Our politicians continue to propose feckless policies to deal with inequality and lagging social mobility, such as minimum wage and marginal tax hikes.  Yet these politicians ignore the fundamentals that fuel poverty, above all the state of the American family.  Family-breakdown, usually in the form of fatherlessness, has played a huge role in promoting poverty and hampering social mobility:

Fatherlessness causes systemic poverty

Though marriage remains popular among wealthier Americans, its popularity among poorer Americans has declined dramatically in the last 50 years. Today, 71 percent of poor families with children are headed by single parents.  73 percent of families with children that are not poor are headed by married couples.

Marriage reduces child-poverty:  Being raised in a married family reduces a child’s probability of living in poverty by 82 percent.

Fatherlessness affects a child’s future well into adulthood:  Children living in single-parent homes are 50 percent more likely to experience poverty as adults when compared to children from intact married homes – this trend exists even after original differences in childhood poverty are accounted for.

One of the greatest indicators of a child’s chances of leaving systemic poverty, possibly the greatest, is their family’s structure: children who grow up without a father are five times more likely to live in poverty and commit crime as adults, nine times more likely to drop out of school, and 20 times more likely to end up in prison.

Growing up fatherless has a big psychological impact on kids: In the book Willpower, written by cognitive psychologist Roy Baumeister and science writer John Tierney (and detailed in a great book by Nick Schulz from AEI), a psychology test administered to children is described.  In the test, children can receive a small prize right away, yet have a larger more valuable prize available in 10 days if they forgo the smaller prize.  En mass, children without a father in the home chose the initial prize, while children with a father in the home were far more willing to wait 10 days for the larger prize.

Marriage is also good for adults: Even if differences in education are accounted for, when married parents are compared to single parents with the same level of education, the poverty rate for a married person is 75 percent lower.  On average, high school dropouts who are married have a far lower poverty rate than do single parents with one or two years of college.

Conservatives think fatherlessness among the poor has been caused by welfare

If marriage is so important in combating poverty, what can be done to promote marriage among the poor?  Conservatives blame the decline of the poor family on government programs that, they say, incentivized fatherlessness:

In 1964, when the “War on Poverty” began, only 6 percent of children were born out of wedlock – By 2010, 40.8 percent of children were born out of wedlock.   Only 9 percent of children were raised by a single parent in 1960, yet today almost one-third are being raised without a father.

Nowhere has the declining American family been more pronounced than in the black community.  Black out of wedlock births went from 18 percent in 1950, to 24.5 percent in 1964, to 50.3 percent in 1976.  They reached 70.7 percent in 1994, and sit at around 72 percent today.   In 1950, black women were more likely to be married than white women, and only 9 percent of black families with children were headed by a single parent.  Today, roughly two-thirds of black children are now raised in single-parent families.

Liberals think more birth control and abortion access will decrease fatherlessness

But many liberals are reluctant to blame the welfare state.  Instead, they say, the increase of fatherlessness should be combated by giving poor women greater access to affordable birth control and abortion.  This argument recently appeared in a Nicholas Kristoff article and largely originates from a Brookings paper authored by George Akerlof and Janet Yellen (yes, the current Fed chair).  The logic of the liberal argument goes like this:

Birth control and abortion changed people’s attitudes towards sex, children, and marriage, to the degree that sex was now expected outside of marriage, and having children outside of marriage was less frowned upon by society

Because of the preceding point, the number of shotgun marriages (couples getting married because the mother was carrying a child conceived outside of marriage) declined.

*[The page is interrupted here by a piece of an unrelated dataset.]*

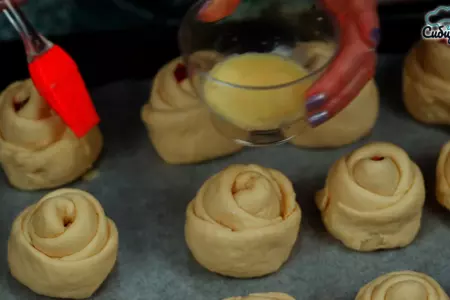 Творожные булочки на дрожжах,  с сочной начинкой: шаг 8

This decline in shotgun marriages disproportionately affected the poor, because the poor didn’t have proper access to birth control (i.e. shotgun marriages don’t occur anymore, but the rich don’t get stuck with unwanted children because they have birth control, yet the poor abandon shotgun marriages without the proper birth control access that would keep unwanted children at bay). Thus, the poor’s unwanted pregnancies now occur outside of marriage. The solution is, it then follows, to provide more birth control and abortion access to poor Americans.

Finally, fatherlessness couldn’t have been caused by welfare expansion, since the rampant inflation of the seventies eroded the value of welfare, even as fatherlessness continued to rise in the seventies.

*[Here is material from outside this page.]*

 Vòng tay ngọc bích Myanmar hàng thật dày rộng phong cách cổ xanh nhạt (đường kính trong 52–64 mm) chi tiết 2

More birth control and abortion access is not the solution

The error in Ackerlof and Yellen’s analysis is plain – they decouple welfare expansion in 1964 from the incidence of increased fatherlessness among the poor. When liberals claim that one cannot blame the welfare state because welfare’s real payout declined in the inflationary era of the 70’s, they forget that welfare’s benefits can’t be examined in a bubble – they must be examined alongside the payout for employment.  Just because welfare’s real benefits declined doesn’t mean welfare’s payout to a single parent stopped exceeding the benefits of marriage for a low-income couple (it did not).

Also, inflationary eras are not good for blue-collar workers, especially for those that live paycheck to paycheck, as many times price-rises outpace wage-rises, eroding the real benefits of labor.  Further, in the 1970’s, black-male unemployment largely exceeded white-male unemployment (which is important because family breakdown among poor whites did not fully occur till later).

The Ackerlof/Yellen theory assumes most pregnancies that lead to single motherhood are unwanted, and this is simply not true.  Harvard’s Kathryn Edin, the nation’s leading researcher on single mothers, has shown a vast majority of out-of-wedlock births are desired, and a vast majority of the mothers involved had access to birth control and chose not to use it

If fatherlessness among the poor is a problem caused by knowledge of birth control without access to birth control, why were poor blacks affected much faster than poor whites, and why is the white working-class just now beginning to see trends similar to those that the black family experienced 50 years ago?  Has the white working class somehow lost access to birth control in the last 20 years?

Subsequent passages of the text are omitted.